◆ What needs to be done ◆
Where the records below begin, start copying, and stop after the line that contains "Afghan Bokhara dark"; reproduce every line exactly but omit pictures.

[Extracted records]
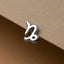 A silver-colored metal charm in the shape of a zodiac sign, specifically Capricorn, is shown against a textured brown background.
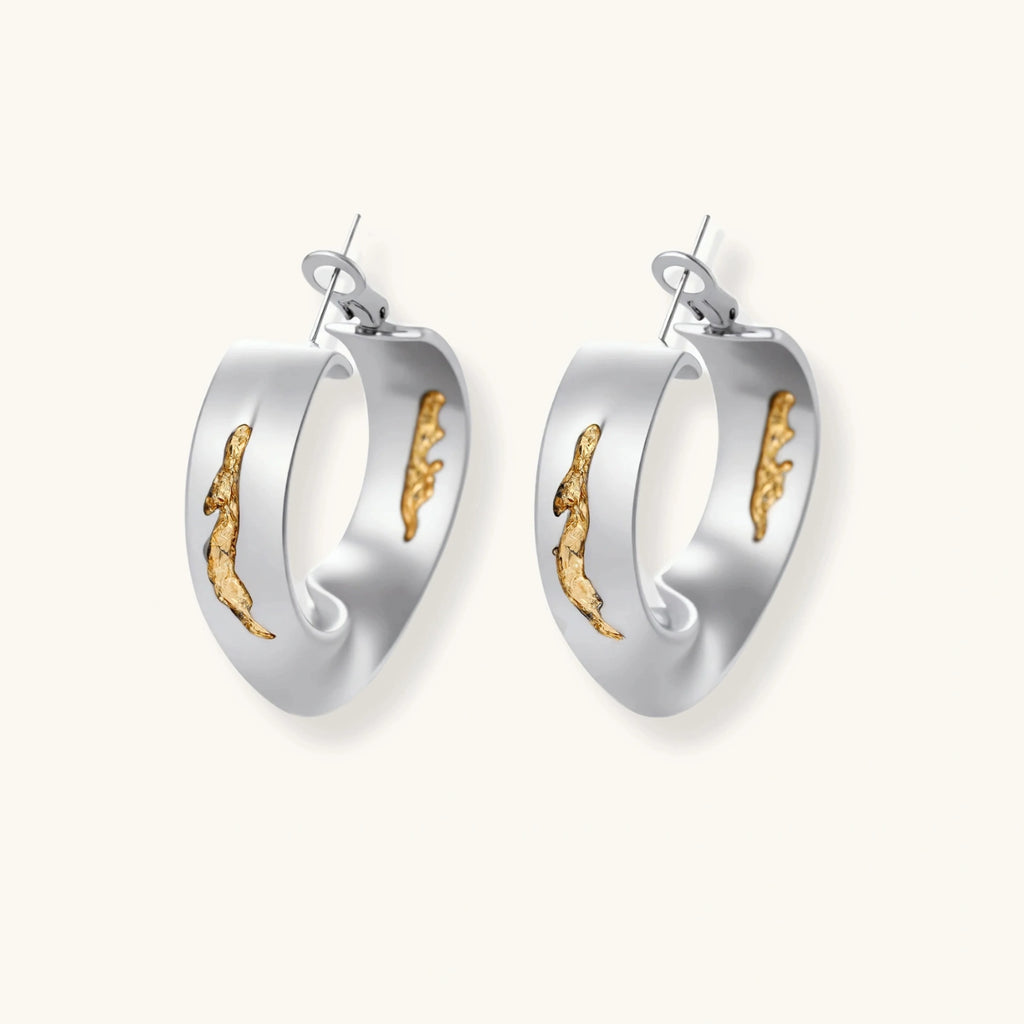 Silver hoop earrings with organic gold flowing accents, featuring eco-zinc alloy construction and secure posts.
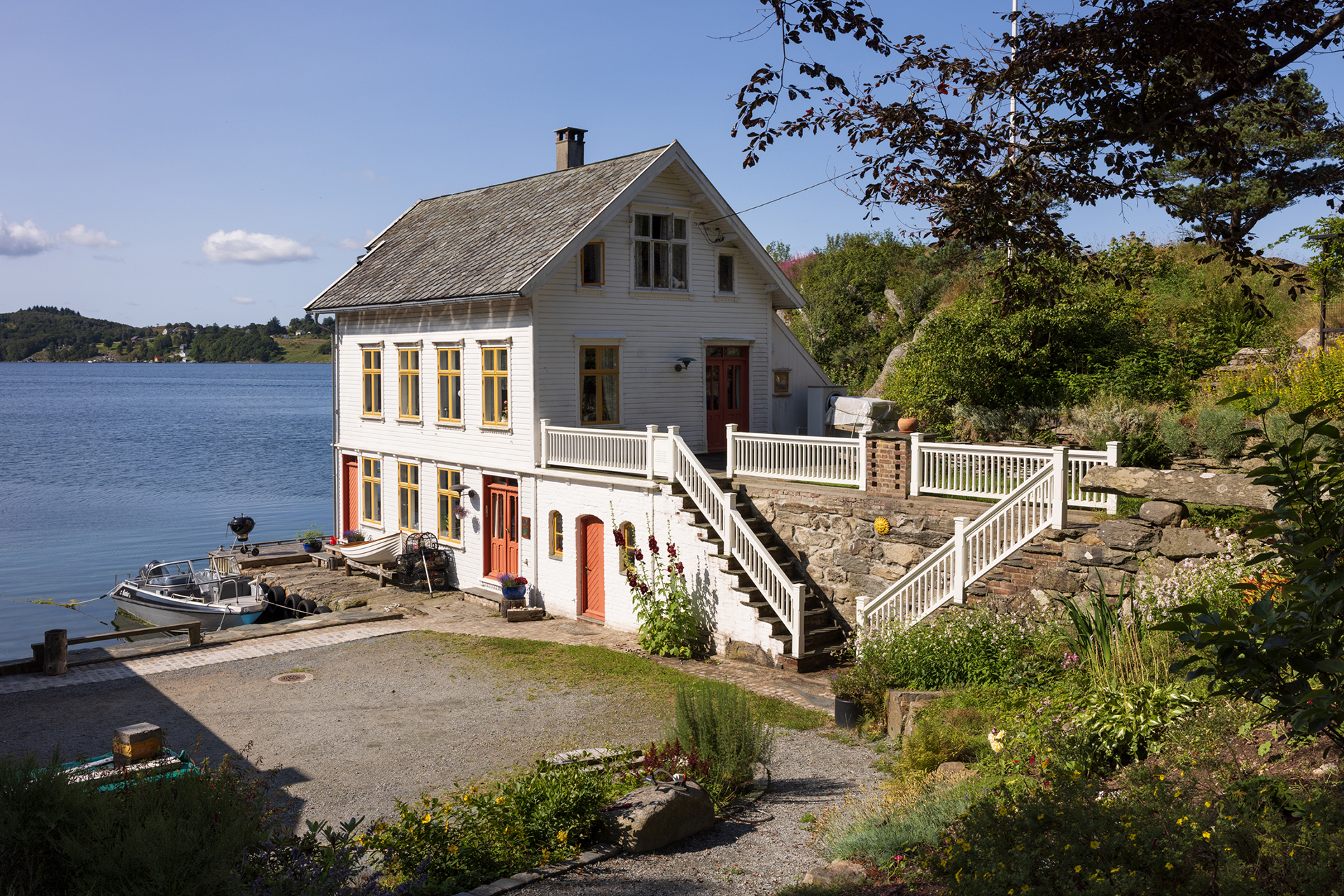 Et hvitt toetasjes hus med skråtak ligger ved et rolig vann, med en liten brygge og båt i nærheten, omgitt av grøntområder og en steinterrasse.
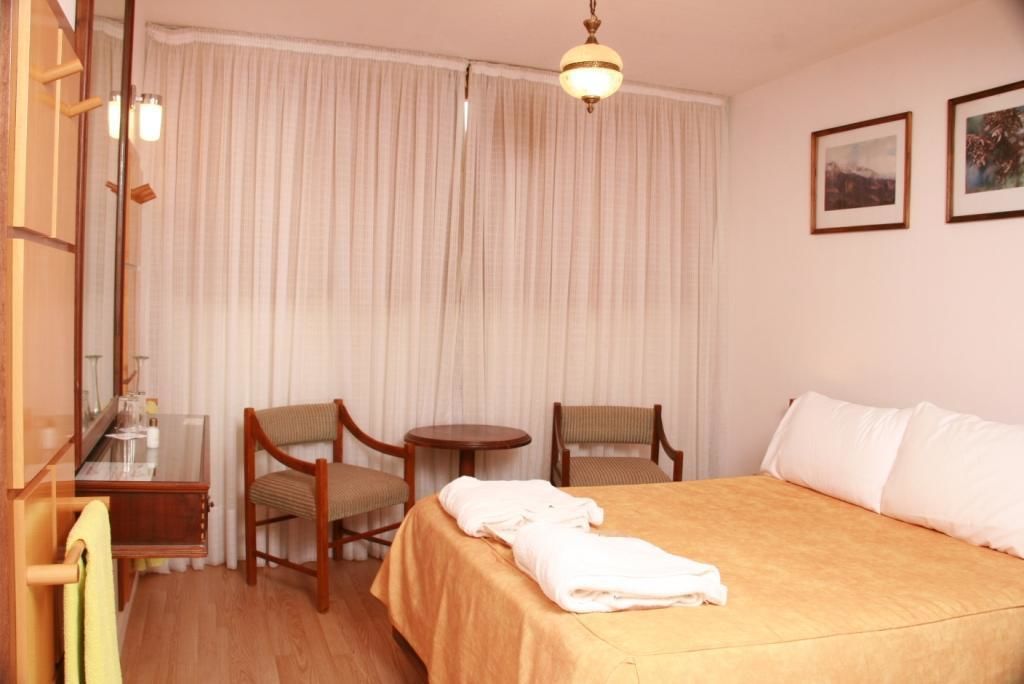 A hotel room with a bed, two chairs, a small table, a mirror, and a window with curtains.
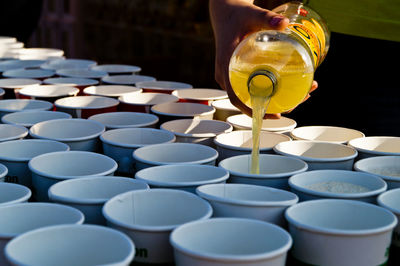 Cropped image of person pouring juice in disposable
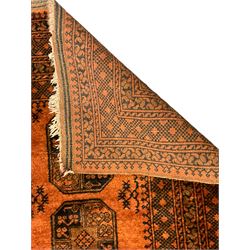 Afghan Bokhara dark amber ground rug, field decorated with three central Gul motifs, heavily guarded border with repeating geometric patterns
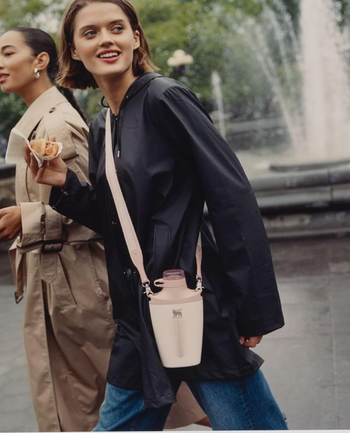 Two individuals stroll through an urban area; one of them is holding a food cone and sporting a bag, casual coats, and jeans.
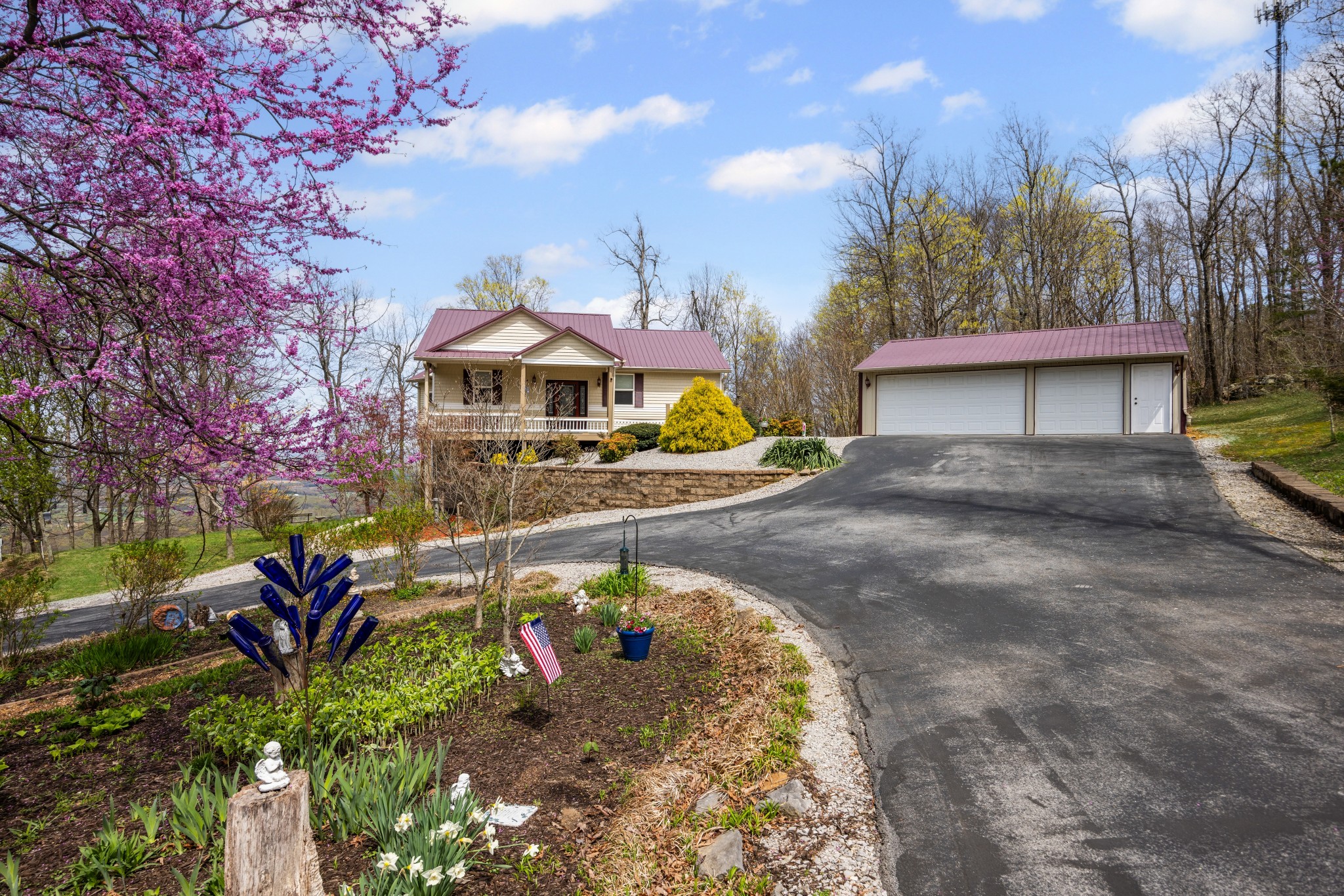 Beige home and detached two-bay garage with matching burgundy roofs, curved driveway, and blooming pink tree.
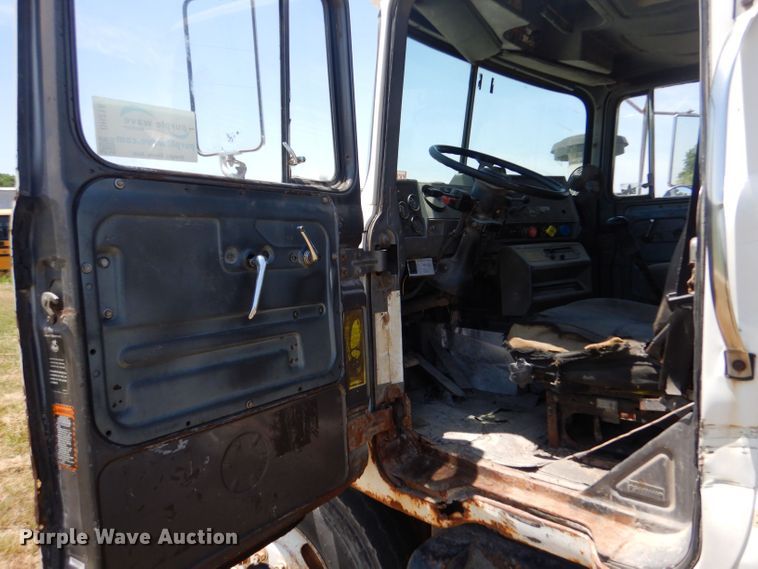 image for item LP9373 1999 Mack 600 DM Maxidyne  roll-off container truck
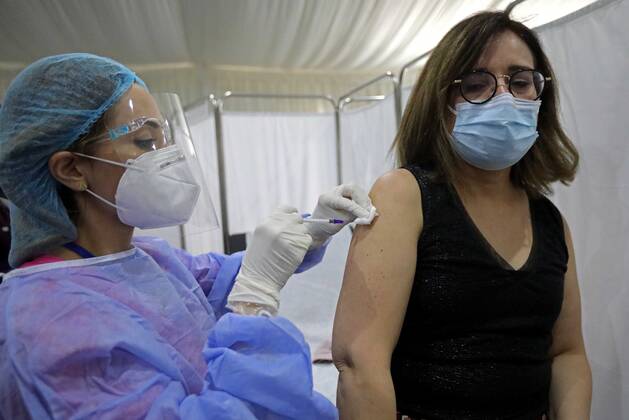 (210214) -- BEIRUT, Feb. 14, 2021 -- A staff member of the Saint George Hospital receives a dose of vaccine against COVID-19 in Beirut, Lebanon, on Feb. 14, 2021. Lebanon launched on Sunday its vaccination campaign by starting with employees in the health sector after receiving, a day earlier, 28,500 vaccines from Pfizer-BioNTech, LBCI local TV channel reported. ) LEBANON-BEIRUT-COVID-19-VACCINATION BilalxJawich 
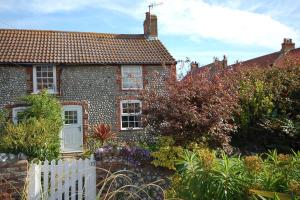 una casa de ladrillo con una valla blanca delante de ella en Romany Rye, en Sheringham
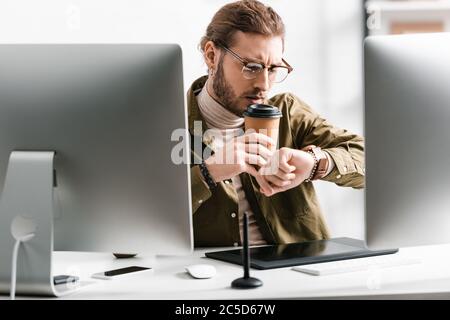Selective focus of 3d artist looking at wristwatch while drinking coffee near digital devices on table Stock Photo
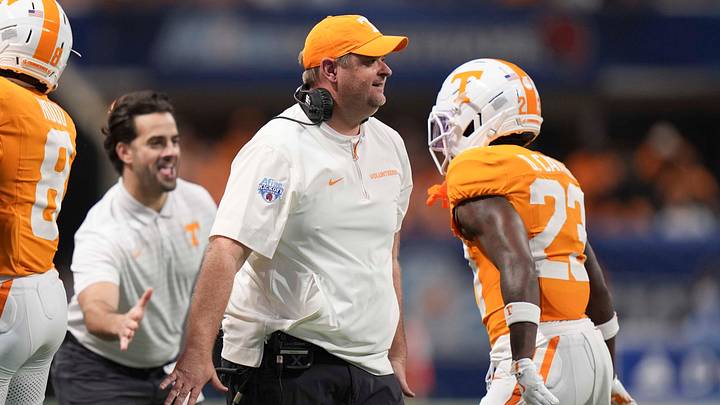 Tennessee head coach Josh Heupel celebrates on the sideline with defensive back Boo Carter (23) during the Aflac Kickoff Game between the Volunteers and Syracuse held at Mercedes-Benz Stadium in Atlanta, Ga., on August 30, 2025.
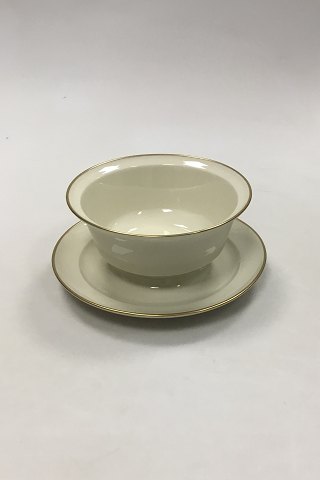 Royal Copenhagen Plain Creme pattern Round Sauceboat with gold rim No 9580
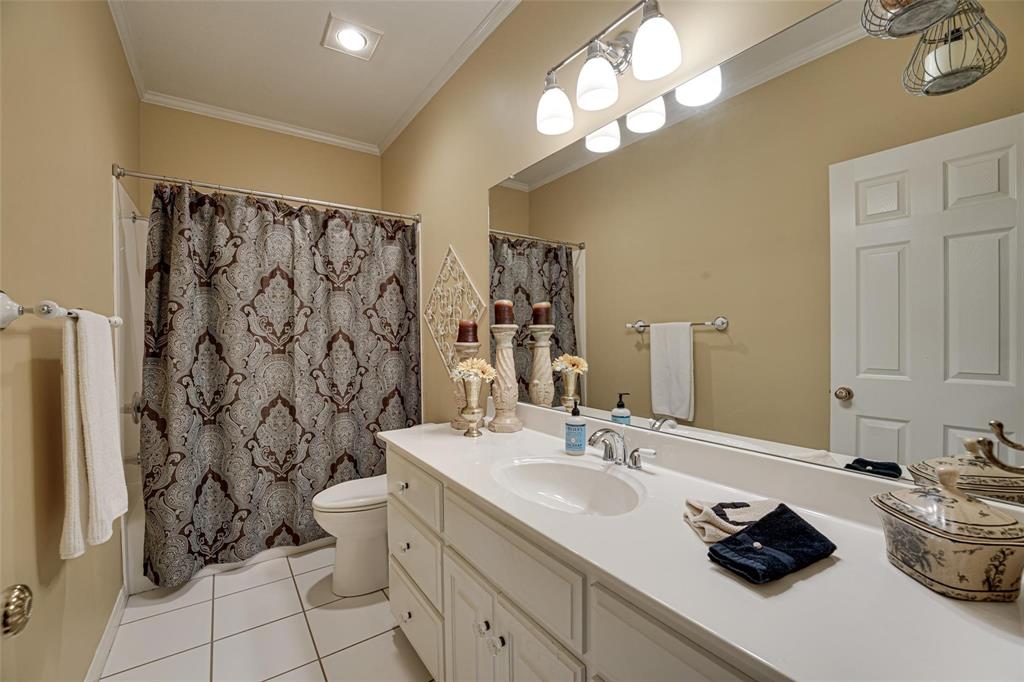 32018 Dove Trail Whitney, TX 76692 - Photo 20 of 36 a bathroom with a double vanity sink mirror and shower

◆ Solution ◆
 A silver-colored metal charm in the shape of a zodiac sign, specifically Capricorn, is shown against a textured brown background.
 Silver hoop earrings with organic gold flowing accents, featuring eco-zinc alloy construction and secure posts.
 Et hvitt toetasjes hus med skråtak ligger ved et rolig vann, med en liten brygge og båt i nærheten, omgitt av grøntområder og en steinterrasse.
 A hotel room with a bed, two chairs, a small table, a mirror, and a window with curtains.
 Cropped image of person pouring juice in disposable
 Afghan Bokhara dark amber ground rug, field decorated with three central Gul motifs, heavily guarded border with repeating geometric patterns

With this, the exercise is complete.